The scandal of Romney’s position to only release the last two years of his personal income taxes is not the possibility that he paid no taxes for a decade. If Romney and his tax accountants and lawyers figured out how to legally use the tax code to avoid or defer paying income taxes, more power to them and more reason to eliminate all the deductions under the tax code. (See the Jim JacksonSimplified Tax Plan.)
The scandal is that Romney asks voters to trust him to be president, but he does not trust voters enough to provide them information they need to make an informed decision. When his father ran for president, the senior Romney released twelve years of tax returns.
The son is hiding his past and he is a very smart man; there must be a reason.
The reason can’t be that voters will be distressed about how much money he made. We already know he made a ton, and most people do not begrudge him for it. Americans like success stories. Romney is running for president in large part based on his demonstrated abilities to run large, complex organizations (Bain Capital and the Salt Lake City Olympics).

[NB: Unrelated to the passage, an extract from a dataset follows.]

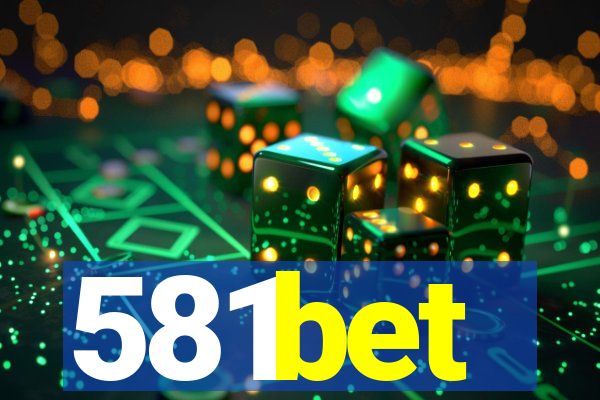 581bet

The reason must be how he arranged his finances relative to US tax laws. As Judge Hand said over seventy-five years ago, there is no sin in paying the minimum taxes required by law. However, if Romney used discredited tax shelters or off-shore tax shelters that he underreported and later took advantage of tax amnesty programs, voters should be so informed.
How did Romney build his IRA to over $100 million? If he presciently purchased stocks that increased over 100-fold in a few short years, he should be trumpeting his financial acumen. If, as some have suggested, he made IRA contributions of purposefully undervalued stock to circumvent the annual deduction limits, voters should know. Again, I have no clue how he grew such an outsized IRA, but I do believe voters have a right to understand the mechanics of this amazing financial result.
When a company decides to put itself on the block it dresses its financial statements in as attractive clothing as it can muster. Analysts know to look past the stated numbers and carefully read the footnotes to understand how the financial statements were prepared. They also know it’s necessary to analyze previous years’ financials to fully understand the current statements.
Romney has noted that he isn’t a business, but to understand his full character, voters deserve full disclosure of prior tax returns. The last two years of taxes are window dressing. To get a true sense of the man’s financial values, we need to know how Romney operated before he knew everyone would be looking over his shoulder.